7. The method of claim 1, wherein the patient is obese, optionally wherein the patient has a BMI of 30.0 kg/m2.

8. The method of claim 1, wherein the patient has liver fibrosis.

9. The method of claim 8, wherein the liver fibrosis is mild, moderate, or advanced.

10. The method of claim 8, wherein the patient has stage F1, F2, or F3 fibrosis.

11. The method of claim 1, wherein the patient receives an additional therapy, optionally wherein the additional therapy is diet therapy or exercise therapy.

12. The method of claim 1, wherein the patient does not have type 2 diabetes mellitus, or is prediabetic.

13. The method of claim 1, wherein the patient has type 2 diabetes mellitus.

14. The method of claim 1, wherein the patient has one or more weight-related comorbidities, optionally prediabetes, hypertension, dyslipidemia, obstructive sleep apnea, or previously diagnosed cardiovascular disease.

15. The method of claim 1, wherein the administering step is repeated once every week, once every two weeks, once every four weeks, or once every month.

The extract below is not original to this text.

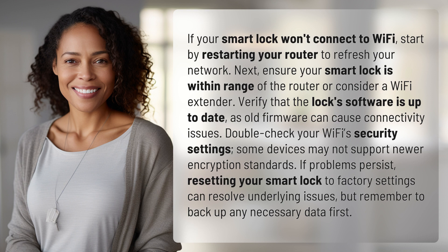Verify that the lock software is up to date, as old firmware can cause connectivity issues. Double-check your Wi-Fi's security settings, as some devices may not support newer encryption standards.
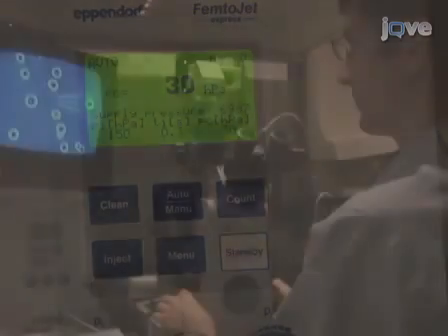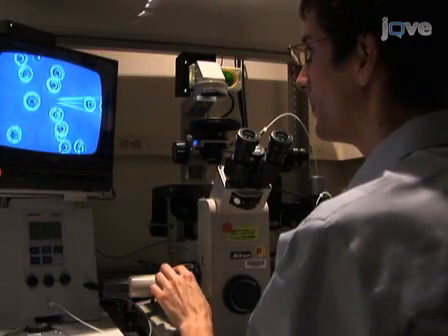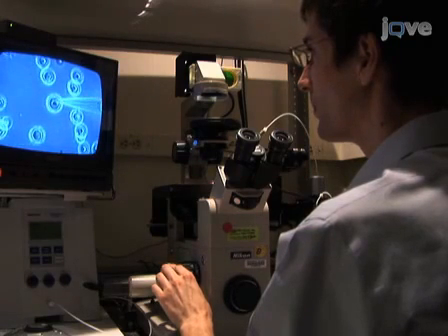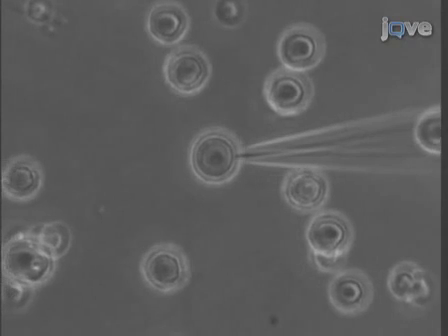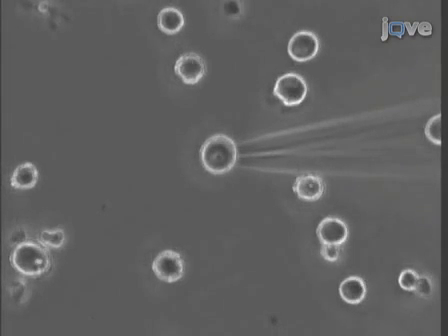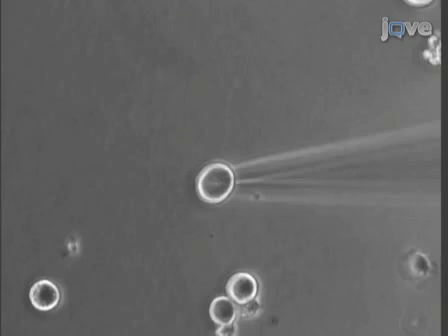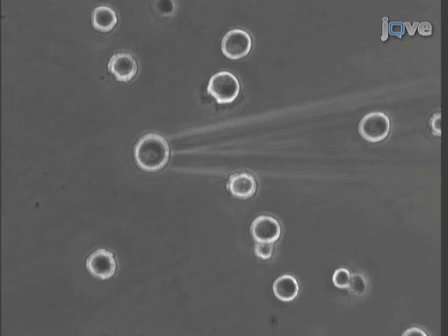Once the micromanipulator settings have been adjusted, intranuclear injections can be performed. Using the microscope's XY axis stage control, position the neuron under the tip of the microinjection pipette. Align the tip of the pipette above the center of the nucleus by focusing up and down between the tip and the nucleoli. Inject the nucleus by pressing the inject button on the micromanipulator. The injection of the relatively low viscosity cDNA solution often appears as a white plume in the nucleus when viewed under phase contrast optics.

16. The method of claim 1, wherein the dose is about 5.0, about 8.0, about 12.0, about 17.0, or about 22.0 mg, optionally wherein the dose is up-titrated over a period of 55-80, optionally 57-78 or 57, days.

17. The method of claim 16, wherein the starting dose for the up-titration is about 5 mg.

18. The method of claim 16, wherein the maximum dose for the up-titration is about 22 mg.

19. An article of manufacture or kit for use in the method of claim 1, wherein the article of manufacture or kit comprises one or more units of said dose.

20. The article of manufacture or kit of claim 19, wherein the article of manufacture or kit comprises a syringe or an injector, optionally a single-use syringe or injector.